Data provided -
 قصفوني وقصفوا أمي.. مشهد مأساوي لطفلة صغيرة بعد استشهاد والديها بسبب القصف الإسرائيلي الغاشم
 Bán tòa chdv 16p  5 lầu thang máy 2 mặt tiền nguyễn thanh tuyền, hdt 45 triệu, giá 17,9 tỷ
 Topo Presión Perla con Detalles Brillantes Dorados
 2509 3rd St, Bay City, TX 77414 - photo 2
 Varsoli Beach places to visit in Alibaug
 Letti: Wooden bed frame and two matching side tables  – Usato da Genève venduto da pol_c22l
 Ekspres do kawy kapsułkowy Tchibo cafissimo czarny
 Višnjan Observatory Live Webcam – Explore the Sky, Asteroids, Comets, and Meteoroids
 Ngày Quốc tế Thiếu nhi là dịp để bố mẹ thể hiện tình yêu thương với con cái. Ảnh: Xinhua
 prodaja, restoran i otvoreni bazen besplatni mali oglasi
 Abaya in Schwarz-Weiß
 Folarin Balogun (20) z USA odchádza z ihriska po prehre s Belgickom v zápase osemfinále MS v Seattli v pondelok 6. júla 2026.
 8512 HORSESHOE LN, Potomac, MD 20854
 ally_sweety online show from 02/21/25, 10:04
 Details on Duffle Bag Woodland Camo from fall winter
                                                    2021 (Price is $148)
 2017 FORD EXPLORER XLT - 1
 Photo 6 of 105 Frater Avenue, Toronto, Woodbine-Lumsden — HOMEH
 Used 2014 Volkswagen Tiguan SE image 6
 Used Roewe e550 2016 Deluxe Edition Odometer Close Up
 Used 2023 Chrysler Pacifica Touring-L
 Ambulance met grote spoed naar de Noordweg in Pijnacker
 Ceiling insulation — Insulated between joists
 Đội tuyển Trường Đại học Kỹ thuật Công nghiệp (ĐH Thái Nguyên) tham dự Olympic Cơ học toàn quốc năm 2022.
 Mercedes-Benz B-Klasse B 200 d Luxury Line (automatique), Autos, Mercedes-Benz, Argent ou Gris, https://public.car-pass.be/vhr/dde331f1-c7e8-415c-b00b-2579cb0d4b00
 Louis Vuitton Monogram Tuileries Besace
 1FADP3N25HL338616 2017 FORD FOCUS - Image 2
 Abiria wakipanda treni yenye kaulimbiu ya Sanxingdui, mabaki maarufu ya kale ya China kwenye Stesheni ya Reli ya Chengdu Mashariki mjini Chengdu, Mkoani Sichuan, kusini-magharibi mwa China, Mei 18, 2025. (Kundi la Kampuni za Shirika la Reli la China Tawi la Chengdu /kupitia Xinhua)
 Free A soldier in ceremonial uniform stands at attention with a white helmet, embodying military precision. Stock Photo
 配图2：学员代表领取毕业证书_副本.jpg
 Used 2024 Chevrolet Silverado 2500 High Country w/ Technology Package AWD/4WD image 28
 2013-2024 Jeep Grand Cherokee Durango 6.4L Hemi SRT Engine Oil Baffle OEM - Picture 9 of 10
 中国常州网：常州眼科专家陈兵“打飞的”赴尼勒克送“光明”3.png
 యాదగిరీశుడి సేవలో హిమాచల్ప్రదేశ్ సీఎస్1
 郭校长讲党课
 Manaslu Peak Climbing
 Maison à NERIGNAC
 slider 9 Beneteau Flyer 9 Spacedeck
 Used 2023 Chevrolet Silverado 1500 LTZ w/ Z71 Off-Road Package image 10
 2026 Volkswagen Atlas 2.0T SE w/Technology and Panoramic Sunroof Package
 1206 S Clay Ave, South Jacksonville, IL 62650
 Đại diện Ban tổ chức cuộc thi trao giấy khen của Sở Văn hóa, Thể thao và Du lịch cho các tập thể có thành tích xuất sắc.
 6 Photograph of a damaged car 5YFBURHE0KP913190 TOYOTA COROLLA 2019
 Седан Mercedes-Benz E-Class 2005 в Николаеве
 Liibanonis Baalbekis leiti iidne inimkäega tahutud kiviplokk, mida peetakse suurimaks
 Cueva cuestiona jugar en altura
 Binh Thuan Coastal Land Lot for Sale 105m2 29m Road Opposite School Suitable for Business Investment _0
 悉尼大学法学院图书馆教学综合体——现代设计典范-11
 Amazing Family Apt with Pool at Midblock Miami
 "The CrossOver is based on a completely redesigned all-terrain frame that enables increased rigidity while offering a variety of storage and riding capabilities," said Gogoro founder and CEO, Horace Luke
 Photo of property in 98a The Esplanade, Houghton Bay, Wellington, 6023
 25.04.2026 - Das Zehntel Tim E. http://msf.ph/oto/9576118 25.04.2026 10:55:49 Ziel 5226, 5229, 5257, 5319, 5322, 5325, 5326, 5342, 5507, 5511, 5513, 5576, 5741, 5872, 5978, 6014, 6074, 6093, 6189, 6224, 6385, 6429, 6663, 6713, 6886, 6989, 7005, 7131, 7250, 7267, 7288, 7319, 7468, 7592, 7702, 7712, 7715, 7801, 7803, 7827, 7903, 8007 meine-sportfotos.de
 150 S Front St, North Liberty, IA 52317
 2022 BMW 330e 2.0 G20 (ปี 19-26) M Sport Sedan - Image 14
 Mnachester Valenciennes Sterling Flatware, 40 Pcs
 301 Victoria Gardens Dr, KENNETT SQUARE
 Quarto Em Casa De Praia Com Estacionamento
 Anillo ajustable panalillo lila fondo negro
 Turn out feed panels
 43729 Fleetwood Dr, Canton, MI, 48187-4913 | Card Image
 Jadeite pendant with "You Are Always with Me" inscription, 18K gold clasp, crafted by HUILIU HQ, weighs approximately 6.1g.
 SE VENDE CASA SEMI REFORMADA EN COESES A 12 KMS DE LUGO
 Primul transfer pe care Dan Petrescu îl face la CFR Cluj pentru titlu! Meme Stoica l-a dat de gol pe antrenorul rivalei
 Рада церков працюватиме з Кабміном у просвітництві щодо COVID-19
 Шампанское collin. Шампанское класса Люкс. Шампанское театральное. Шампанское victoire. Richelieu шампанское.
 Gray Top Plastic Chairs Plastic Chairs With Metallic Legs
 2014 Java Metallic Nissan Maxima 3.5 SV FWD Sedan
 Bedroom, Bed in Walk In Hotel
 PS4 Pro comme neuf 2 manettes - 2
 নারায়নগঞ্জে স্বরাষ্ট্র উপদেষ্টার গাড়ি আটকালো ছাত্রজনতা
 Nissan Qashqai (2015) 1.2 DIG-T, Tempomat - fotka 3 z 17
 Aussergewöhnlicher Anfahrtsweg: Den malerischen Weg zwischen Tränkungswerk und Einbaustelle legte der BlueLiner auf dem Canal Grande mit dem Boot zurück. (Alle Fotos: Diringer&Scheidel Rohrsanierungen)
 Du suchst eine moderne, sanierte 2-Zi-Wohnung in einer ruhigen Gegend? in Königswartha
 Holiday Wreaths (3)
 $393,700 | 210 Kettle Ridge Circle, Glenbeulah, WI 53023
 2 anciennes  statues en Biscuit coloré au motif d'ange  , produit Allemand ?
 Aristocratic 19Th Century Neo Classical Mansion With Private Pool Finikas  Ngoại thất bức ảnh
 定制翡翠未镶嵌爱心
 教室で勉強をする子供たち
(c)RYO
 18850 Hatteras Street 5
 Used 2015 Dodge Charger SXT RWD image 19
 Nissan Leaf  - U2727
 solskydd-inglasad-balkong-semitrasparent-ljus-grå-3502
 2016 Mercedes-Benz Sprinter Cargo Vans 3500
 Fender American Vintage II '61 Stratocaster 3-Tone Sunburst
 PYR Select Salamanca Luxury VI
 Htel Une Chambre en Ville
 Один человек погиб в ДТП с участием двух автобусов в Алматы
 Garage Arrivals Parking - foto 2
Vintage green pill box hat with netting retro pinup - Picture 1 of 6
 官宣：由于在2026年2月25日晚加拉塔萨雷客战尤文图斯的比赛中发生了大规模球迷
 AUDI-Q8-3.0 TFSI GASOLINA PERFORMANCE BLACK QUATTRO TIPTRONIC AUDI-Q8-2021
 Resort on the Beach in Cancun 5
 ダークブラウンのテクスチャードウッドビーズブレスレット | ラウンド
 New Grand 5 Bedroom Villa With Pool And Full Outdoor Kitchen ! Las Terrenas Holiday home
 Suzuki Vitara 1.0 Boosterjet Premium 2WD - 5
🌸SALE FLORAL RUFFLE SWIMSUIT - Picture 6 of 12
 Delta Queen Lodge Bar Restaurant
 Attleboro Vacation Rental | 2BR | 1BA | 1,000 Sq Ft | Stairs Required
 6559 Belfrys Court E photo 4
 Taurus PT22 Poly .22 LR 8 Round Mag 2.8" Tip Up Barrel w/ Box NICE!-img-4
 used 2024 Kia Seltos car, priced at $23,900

Instructions for the task - Give back the records above exactly, limited to the lines between the one holding "ダークブラウンのテクスチャードウッドビーズブレスレット | ラウンド" and the one holding "Delta Queen Lodge Bar Restaurant", inclusive.

Expected answer -
 ダークブラウンのテクスチャードウッドビーズブレスレット | ラウンド
 New Grand 5 Bedroom Villa With Pool And Full Outdoor Kitchen ! Las Terrenas Holiday home
 Suzuki Vitara 1.0 Boosterjet Premium 2WD - 5
🌸SALE FLORAL RUFFLE SWIMSUIT - Picture 6 of 12
 Delta Queen Lodge Bar Restaurant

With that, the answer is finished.